IDL is an offspring of NASA's Mariner Mars program and nowadays is used by NASA, ESA and DLR (the American, European and German aerospace agencies, resp.) to process data from all major astronomical satellites (such as the Hubble Space Telescope). IDL is particularly suited for working with large data matrices (images) - IDL code working with matrices is typically 50 % to 80% shorter than code written in FORTRAN or VB and considerably faster. In addition visualisation of data is an integrated feature requiring only some additional lines of code. Combined with a large library of mathematical and statistical routines IDL is a perfect tool for geoinformatical research.

REGEOTOP can be seen as a typical example for the need of integrated use of research tools from image processing, GIS, multivariate statistics and geostatistics. Interpolation of discrete point data obtained from measurements of meteorological stations to obtain climate data fileds is still a major problem. The influence of topography is mostly dealt with simple descriptors such as absolute altitude or exposition and slope angle. In order to provide with a more objective method to account for the influence of topography Benichou and Lebreton (1987) have proposed to parameterise topography with the help of a principal component analysis (PCA).

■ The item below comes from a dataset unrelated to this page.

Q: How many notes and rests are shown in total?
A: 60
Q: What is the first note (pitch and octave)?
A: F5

For each element of the DEM a relative topography is obtained by subtracting its elevation from the elevation values of a square window (e.g. 5 by 5 or 11 by 11 elements) centred on that element. In the statistical context each element of the window is seen as a variable and each DEM element is seen as a case or object. After rearranging the results of each window as input data for the PCA each row of the input matrix represents one case and each column represents one variable.
The input matrix is subjected to a R-mode PCA (Richman, 1986). The relative topography in the domain can then be described as a linear combination of the resulting eigenvectors of the minor product of the input matrix weighted by their corresponding principal components (PC). Each eigenvector is interpreted as a 'basic topography' ('paysage du base', Benichou and Lebreton, 1987) representing different basic morphological elements such as domes or depressions, slopes, saddles or parallel ridges of different exposition or different orientation. With decreasing variance PCs explain increasingly complex topographic features that defy easy descriptions. This approach allows to decompose the topography around a station into the PCs of its relative landscape and the absolute altitude of the station itself. As PCs are not correlated with each other they offer an added advantage as predictors for a regression analysis.

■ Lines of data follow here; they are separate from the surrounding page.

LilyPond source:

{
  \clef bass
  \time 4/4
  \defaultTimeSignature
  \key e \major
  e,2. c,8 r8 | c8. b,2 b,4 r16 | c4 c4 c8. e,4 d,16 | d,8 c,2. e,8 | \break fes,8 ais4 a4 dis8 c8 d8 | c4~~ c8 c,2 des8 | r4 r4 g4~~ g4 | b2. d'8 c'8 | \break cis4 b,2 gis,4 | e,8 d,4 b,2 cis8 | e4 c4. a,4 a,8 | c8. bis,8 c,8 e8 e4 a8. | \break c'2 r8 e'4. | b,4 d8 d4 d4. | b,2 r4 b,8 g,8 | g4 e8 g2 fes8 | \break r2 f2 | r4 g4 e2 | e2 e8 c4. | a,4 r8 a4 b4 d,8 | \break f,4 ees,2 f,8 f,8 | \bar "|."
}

Stepwise multiple linear regression is then used to select significant predictors for the observed climatic values (such as a monthly or annual mean value) from relative topographies decomposed into basic topographic components (PCs) and absolute altitude. Application of the regression equation to each element of the DEM then results in a predicted climate data field. The residuals between observed and predicted values are interpolated via a geostatistical method ('kriging') and added to the regression field to account for any remaining spatial variation.
The resulting data fields contain both the influence of small-scale (continentality, monsoon dynamics) and large-scale (topography) forcing factors on climate. Typical topography related effects such as orographically enhanced rain on windward slopes and 'rain-shadow' areas are modelled.